The same thing happened when they met Casper went crazy & they haven't been together 24 hours later. Casper is wandering about the house perfectly fine until coming across Twinkle (who is hiding in the bathroom) and then they both start hissing and growling at each other. I'm bothered that Twinkle will not come out to use the tray or eat as he is scared of another attack.

Will they ever be friends again - how can I get them to go back together. I'm worried that one of them is going to kill the other they are so viscious (no bloodshed as yet just lots of fur flying). We are actually going to be away overnight next week and I'm now worried how they're going to be!


----------



## loubyfrog (Feb 29, 2012)

Sorry ive no advice for you (apart from maybe separating them for a bit) but hopefully someone from here can help you out.

Hope they become best buddies again very soon


----------



## samf1971 (Mar 27, 2012)

Thanks for that , still no sign of the male! still think hes in the airing cupboard !


----------



## broccoli (Jul 1, 2011)

thats a tough one... cats can react funny if one is ill

if not feliway or pet remedy can help with stress - worth a try.


----------



## The Minkey (Feb 6, 2012)

I've heard it's possible for one half of a pair of cat friends to take badly against the other if it's come back from the vet because it smells different. Cats seem to trust smell more than sight from my experience. My own cat Tia attacked me one day because I had the smell of tomcat on my hands and had unwittingly got a few drops of tom spray on the sole of my slipper. She got a scare and suddenly to her nose and in her eyes I was an intruder tom cat so she went for me. The vet laughed and said I reckon it was a bit like a husband returning home smelling of someone else's perfume, where I'm in the role of the husband and she the angry wife. Whatever her reason, it taught me a valuable lesson about my cat which is that smell overrides appearance in her brain.

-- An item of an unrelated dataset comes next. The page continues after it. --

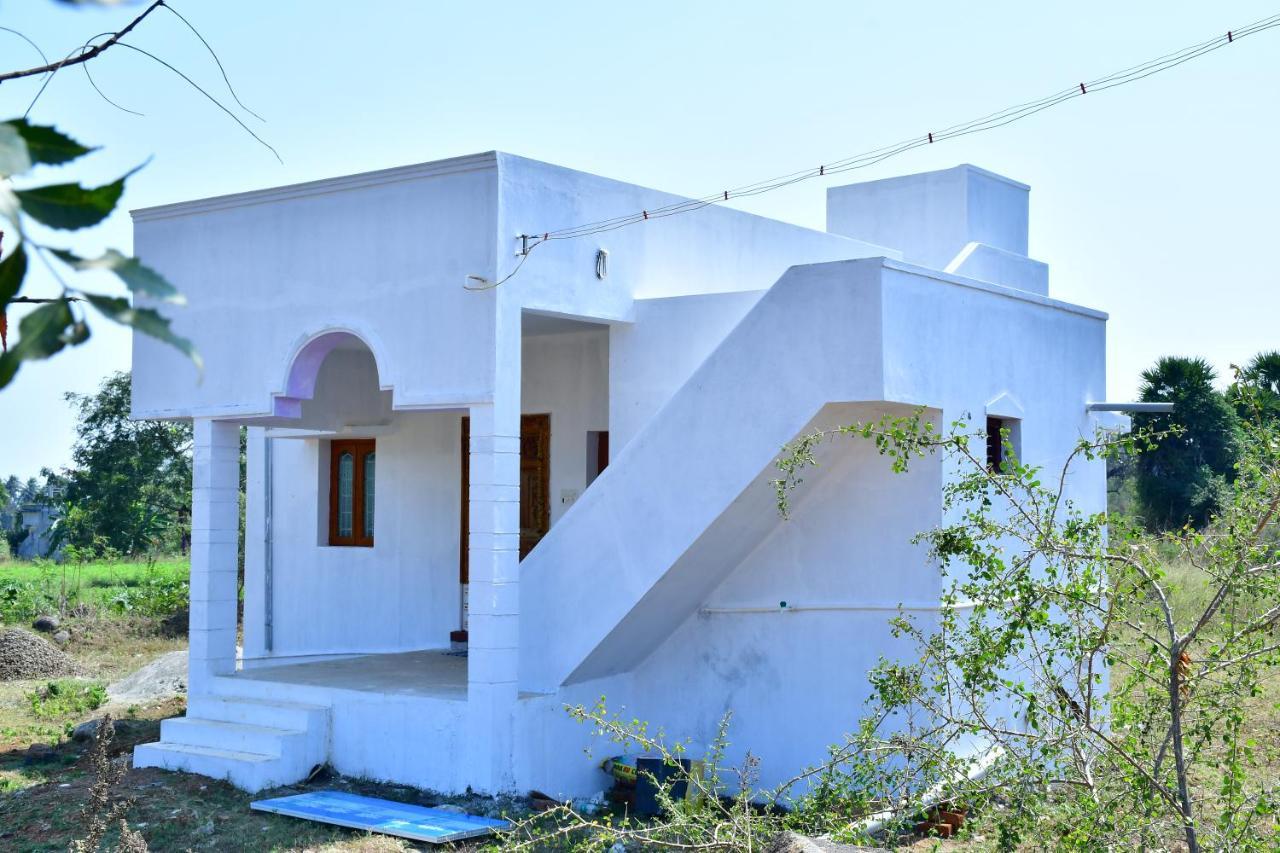 Tiru Arunachala Farm House Holiday home *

Before I introduced my kitten to resident cat for the first time, I used the same brush to groom them both so they wouldn't smell so alien to each other. This might be more effective than using the same towel, especially if you use brush the cheeks of one to work up the scent glands, then use the brush to transfer that cheek smell to the other's coat, and vice versa. Try and get the smells mixed up as much as possible. If that doesn't help, are you able to keep them apart and try reintroducing them as if Twinkle were a new cat coming into Caspar's home? 

That's just what I'd try if my cat indoors developed a hatred of the other on its return from somewhere outside, but I'm really no expert. Good luck with it.


----------



## lyle (Feb 29, 2012)

This is an interesting post for me as a similar thing has happened with my 2 cats since they started going outside - although they have remained in the garden. If it is a scent thing, surely it must wear off eventually. 

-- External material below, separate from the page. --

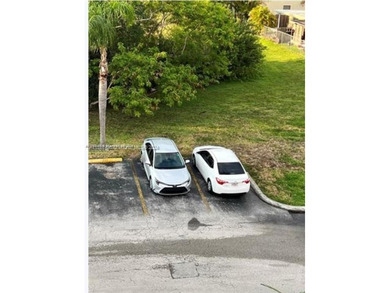 Apartment spacious 3 bed 2 bath with tiles throughout floors in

It has been suggested to me that when cats discover new territory, they feel like they need to re-establish the hierarchy of their relationship, maybe that is the case with your cats?

Perhaps you could try encouraging the cats to join in games together to re-establish their friendly bond. Mine like pushing a feeding ball about to release the biscuits in it, or chasing a laser pointer. It distracts them from their squabbles for a bit! Also maybe feed them in different rooms?


----------



## samf1971 (Mar 27, 2012)

Hi thanks everyone for your responses, i finally managed to get Twinkle out of bathroom and locked the door so he couldnt get back in.I kept them both on their leads and put them together yesterday evening for the first time,there was much hissing and growling from Twinkle,where as Casper took a more submissive stance by lying her head and body low to the floor. So i kept them apart overnight and again re introduced them this morning still on their leads with less hissing,they stood or lets say lay about 10ft apart on the floor. I decided as this was going well to remove their leads and see what happened. And after a few minutes Twinkle jumped into the kitchen sink (empty i might add!) as he does to drink the water from the tap and Casper jumped up behind him,in away catching him unawares and they sort of had a little kiss in the sink! They have been ok since! certainly caused us some stress in the house as we look after our little Boy who has Autism so yes the last few days have been VERY STRESSFUL!


----------



## The Minkey (Feb 6, 2012)

That's great they made up - what a relief for you! 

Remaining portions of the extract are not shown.